* [Data for analysis]:
════
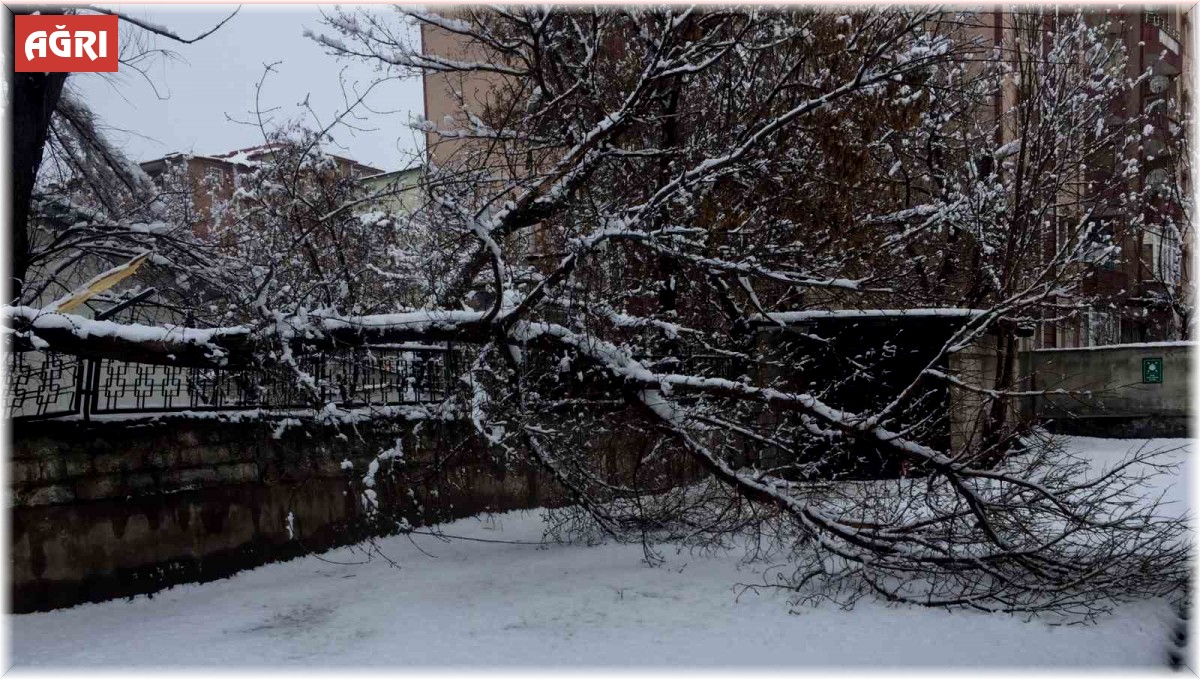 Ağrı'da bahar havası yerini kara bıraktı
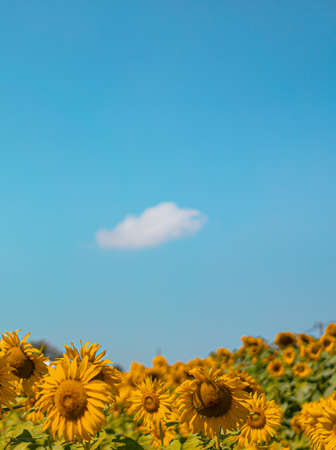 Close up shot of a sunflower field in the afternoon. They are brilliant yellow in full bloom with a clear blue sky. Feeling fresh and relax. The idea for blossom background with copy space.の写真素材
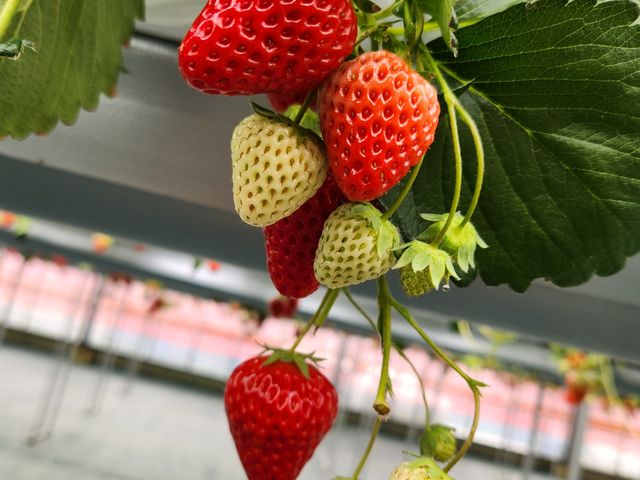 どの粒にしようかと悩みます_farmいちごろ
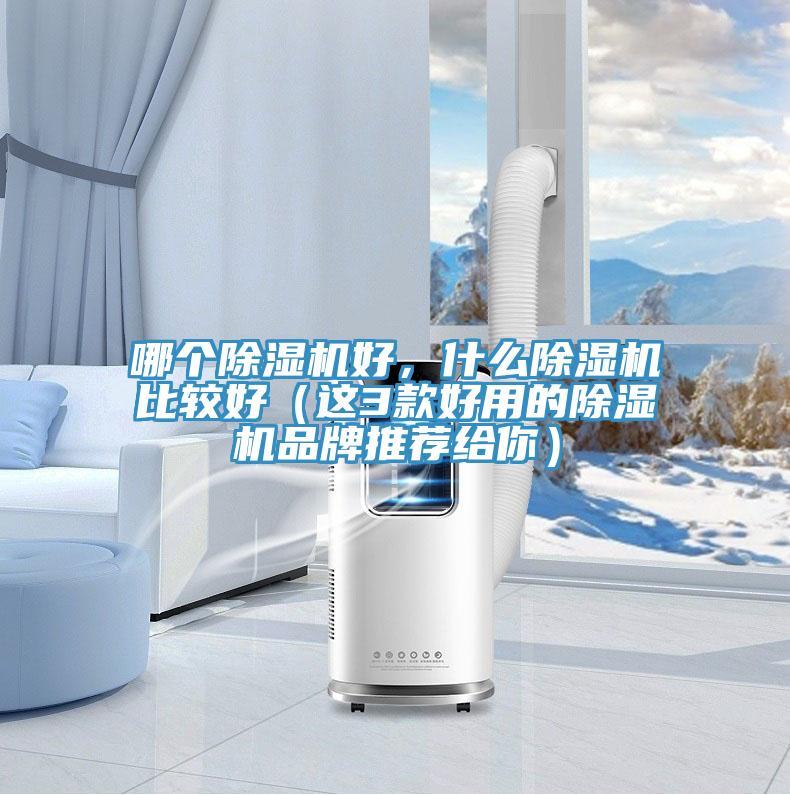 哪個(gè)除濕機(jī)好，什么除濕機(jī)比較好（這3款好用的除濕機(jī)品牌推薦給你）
════
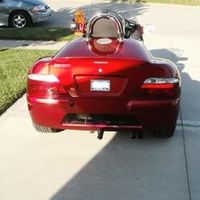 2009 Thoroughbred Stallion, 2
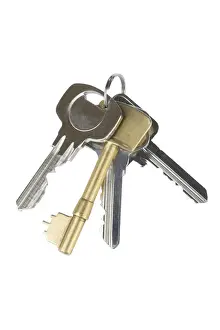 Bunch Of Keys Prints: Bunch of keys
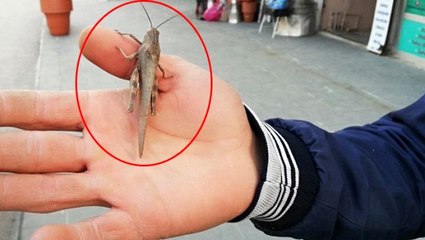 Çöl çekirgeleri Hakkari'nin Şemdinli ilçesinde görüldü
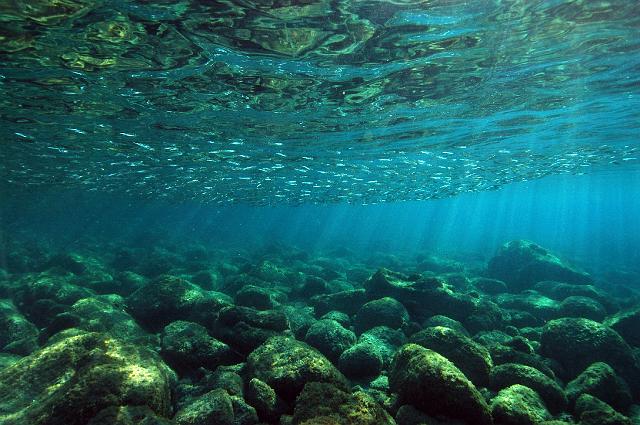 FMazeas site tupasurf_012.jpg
════
* [Assignment]:
Your answer must be the exact lines from the records above, from the one containing "どの粒にしようかと悩みます_farmいちごろ" through the one containing "哪個(gè)除濕機(jī)好", both included, with every picture left out.

* [Written solution]:
 どの粒にしようかと悩みます_farmいちごろ
 哪個(gè)除濕機(jī)好，什么除濕機(jī)比較好（這3款好用的除濕機(jī)品牌推薦給你）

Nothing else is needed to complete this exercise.